The Diversity Tour was born out of a common thread that Bonjay and Too Attached found in each other's music, exploring the concept of 'diversity' from different perspectives and showing that diversity "is not this multicultural utopia that you see on government banners".

Stuart noted that Bonjay's latest album Lush Life looks at the complexity of diversity, especially in how it is lived out in our cities today.

"What does it actually mean for people to pool their differences together? It's messy and awkward and not everybody's going to want to be encountering differences. People aren't going to want to encounter change. And so we wanted to highlight the fact that diversity is not easy, it's a good idea but it's hard."

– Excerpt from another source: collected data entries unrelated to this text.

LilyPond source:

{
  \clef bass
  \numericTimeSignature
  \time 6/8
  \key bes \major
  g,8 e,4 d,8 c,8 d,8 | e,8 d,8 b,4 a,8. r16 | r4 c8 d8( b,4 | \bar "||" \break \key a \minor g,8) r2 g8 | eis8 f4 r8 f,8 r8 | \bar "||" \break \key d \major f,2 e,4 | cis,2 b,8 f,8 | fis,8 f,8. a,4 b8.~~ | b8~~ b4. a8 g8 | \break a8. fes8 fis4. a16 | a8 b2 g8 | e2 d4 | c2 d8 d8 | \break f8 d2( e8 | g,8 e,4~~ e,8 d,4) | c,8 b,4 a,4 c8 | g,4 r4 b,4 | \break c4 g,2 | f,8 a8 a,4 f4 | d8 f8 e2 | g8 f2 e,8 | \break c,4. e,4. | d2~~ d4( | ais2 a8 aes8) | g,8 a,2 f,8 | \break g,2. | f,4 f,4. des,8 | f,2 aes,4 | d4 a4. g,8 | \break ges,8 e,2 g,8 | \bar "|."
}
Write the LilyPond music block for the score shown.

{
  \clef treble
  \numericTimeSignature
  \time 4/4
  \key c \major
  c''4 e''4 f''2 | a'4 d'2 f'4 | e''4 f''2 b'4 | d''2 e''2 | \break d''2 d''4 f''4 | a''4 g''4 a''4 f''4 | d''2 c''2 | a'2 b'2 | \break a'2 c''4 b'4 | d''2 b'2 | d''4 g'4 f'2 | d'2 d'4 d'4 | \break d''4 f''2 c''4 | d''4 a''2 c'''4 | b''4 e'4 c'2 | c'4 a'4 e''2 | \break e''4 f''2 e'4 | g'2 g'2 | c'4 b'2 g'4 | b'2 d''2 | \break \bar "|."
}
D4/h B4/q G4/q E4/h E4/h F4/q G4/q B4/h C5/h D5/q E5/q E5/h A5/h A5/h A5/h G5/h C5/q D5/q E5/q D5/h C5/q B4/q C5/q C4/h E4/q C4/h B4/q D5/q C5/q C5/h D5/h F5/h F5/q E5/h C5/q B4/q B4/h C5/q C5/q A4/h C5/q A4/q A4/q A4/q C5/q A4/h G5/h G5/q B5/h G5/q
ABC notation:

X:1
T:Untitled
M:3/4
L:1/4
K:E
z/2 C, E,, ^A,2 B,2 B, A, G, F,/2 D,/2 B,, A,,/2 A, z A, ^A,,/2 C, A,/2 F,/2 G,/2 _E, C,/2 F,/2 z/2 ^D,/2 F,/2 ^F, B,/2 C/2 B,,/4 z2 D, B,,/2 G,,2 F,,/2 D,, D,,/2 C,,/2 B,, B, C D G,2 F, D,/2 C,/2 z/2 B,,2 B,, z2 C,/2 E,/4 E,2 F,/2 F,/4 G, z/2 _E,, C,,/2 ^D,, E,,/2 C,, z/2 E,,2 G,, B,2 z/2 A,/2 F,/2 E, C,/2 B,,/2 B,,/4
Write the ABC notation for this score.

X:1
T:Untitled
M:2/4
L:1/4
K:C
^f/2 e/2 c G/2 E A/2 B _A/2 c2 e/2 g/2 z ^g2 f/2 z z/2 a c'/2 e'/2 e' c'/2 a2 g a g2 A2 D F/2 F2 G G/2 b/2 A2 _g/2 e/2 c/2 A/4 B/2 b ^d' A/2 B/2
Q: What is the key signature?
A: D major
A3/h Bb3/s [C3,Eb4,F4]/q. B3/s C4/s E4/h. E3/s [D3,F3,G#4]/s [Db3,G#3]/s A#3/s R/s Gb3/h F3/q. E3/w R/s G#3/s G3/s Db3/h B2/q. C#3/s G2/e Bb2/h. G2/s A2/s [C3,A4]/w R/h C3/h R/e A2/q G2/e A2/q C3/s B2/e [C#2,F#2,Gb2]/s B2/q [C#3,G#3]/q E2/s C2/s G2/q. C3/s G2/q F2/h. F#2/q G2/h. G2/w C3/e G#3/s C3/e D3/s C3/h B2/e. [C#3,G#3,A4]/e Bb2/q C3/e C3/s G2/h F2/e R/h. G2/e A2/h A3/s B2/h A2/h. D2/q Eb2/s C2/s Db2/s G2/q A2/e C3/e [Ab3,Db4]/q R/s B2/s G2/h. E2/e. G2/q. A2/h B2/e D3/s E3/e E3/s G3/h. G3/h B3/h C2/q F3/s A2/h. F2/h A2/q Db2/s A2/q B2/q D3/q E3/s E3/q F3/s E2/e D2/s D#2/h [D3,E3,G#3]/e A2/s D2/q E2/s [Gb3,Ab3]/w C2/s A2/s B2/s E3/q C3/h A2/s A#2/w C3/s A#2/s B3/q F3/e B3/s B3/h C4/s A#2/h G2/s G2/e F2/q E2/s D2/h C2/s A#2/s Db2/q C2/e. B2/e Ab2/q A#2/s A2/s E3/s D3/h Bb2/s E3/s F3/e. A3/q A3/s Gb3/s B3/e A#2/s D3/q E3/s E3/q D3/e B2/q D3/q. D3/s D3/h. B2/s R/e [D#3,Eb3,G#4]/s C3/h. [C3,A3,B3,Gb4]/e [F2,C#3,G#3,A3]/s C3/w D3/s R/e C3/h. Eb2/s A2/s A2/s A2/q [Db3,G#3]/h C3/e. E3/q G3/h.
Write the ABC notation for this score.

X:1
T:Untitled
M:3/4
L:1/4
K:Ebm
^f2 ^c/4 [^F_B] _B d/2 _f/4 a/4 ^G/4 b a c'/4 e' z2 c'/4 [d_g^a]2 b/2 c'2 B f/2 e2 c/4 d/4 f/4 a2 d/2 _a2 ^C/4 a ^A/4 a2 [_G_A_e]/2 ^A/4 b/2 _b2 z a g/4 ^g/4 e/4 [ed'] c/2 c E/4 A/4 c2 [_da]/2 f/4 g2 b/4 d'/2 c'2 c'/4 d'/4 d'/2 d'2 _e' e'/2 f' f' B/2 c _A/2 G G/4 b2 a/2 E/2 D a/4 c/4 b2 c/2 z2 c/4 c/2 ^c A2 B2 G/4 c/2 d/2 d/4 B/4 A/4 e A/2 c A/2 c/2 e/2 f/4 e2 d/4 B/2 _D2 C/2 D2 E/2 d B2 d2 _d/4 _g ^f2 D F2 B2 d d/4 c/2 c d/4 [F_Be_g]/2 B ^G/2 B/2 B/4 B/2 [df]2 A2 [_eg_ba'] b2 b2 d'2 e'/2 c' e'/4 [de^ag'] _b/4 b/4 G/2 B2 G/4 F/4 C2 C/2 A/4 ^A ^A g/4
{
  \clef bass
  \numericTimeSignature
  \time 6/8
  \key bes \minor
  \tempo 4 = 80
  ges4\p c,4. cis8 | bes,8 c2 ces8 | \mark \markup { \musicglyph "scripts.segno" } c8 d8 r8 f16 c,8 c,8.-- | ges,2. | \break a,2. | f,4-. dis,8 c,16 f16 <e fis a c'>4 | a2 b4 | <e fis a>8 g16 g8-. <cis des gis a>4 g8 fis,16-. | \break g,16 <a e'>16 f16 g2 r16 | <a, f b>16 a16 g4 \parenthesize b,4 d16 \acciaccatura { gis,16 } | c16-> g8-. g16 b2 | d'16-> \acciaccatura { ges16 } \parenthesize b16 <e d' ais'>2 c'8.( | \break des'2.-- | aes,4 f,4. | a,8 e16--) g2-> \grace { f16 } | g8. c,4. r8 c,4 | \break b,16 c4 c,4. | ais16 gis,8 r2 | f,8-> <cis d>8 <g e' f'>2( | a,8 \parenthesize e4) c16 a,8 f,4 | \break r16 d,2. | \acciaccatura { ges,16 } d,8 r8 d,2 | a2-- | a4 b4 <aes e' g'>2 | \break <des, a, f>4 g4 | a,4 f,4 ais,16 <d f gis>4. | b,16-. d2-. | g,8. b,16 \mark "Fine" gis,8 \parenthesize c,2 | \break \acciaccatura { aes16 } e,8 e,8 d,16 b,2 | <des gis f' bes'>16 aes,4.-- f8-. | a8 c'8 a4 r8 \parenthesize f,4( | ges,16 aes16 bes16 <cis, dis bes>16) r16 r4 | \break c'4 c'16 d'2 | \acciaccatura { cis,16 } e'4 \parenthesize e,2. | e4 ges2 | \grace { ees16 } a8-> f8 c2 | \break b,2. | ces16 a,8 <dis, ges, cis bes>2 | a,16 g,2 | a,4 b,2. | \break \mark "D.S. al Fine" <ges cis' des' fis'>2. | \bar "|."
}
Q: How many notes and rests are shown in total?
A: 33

Stuart links Bonjay's message with that of Too Attached's latest album, Anger, which speaks about people of colour (POC) anger and dismantles the idea that POC should remain diplomatic in the face of racism and misogyny. Stuart, who sang on the album, says:

"It doesn't matter how subtle racism can be or ignorance can be, let's just call it what it is. I'm going to voice the true implications of how it hurts from our end."

Bilgi adds that "Diversity isn't just this box to tick".  As an example, he refers to 'diverse' workplaces where many women and marginalized people do not feel like they are being treated fairly, "it’s not just about dotting the i's and crossing the t's".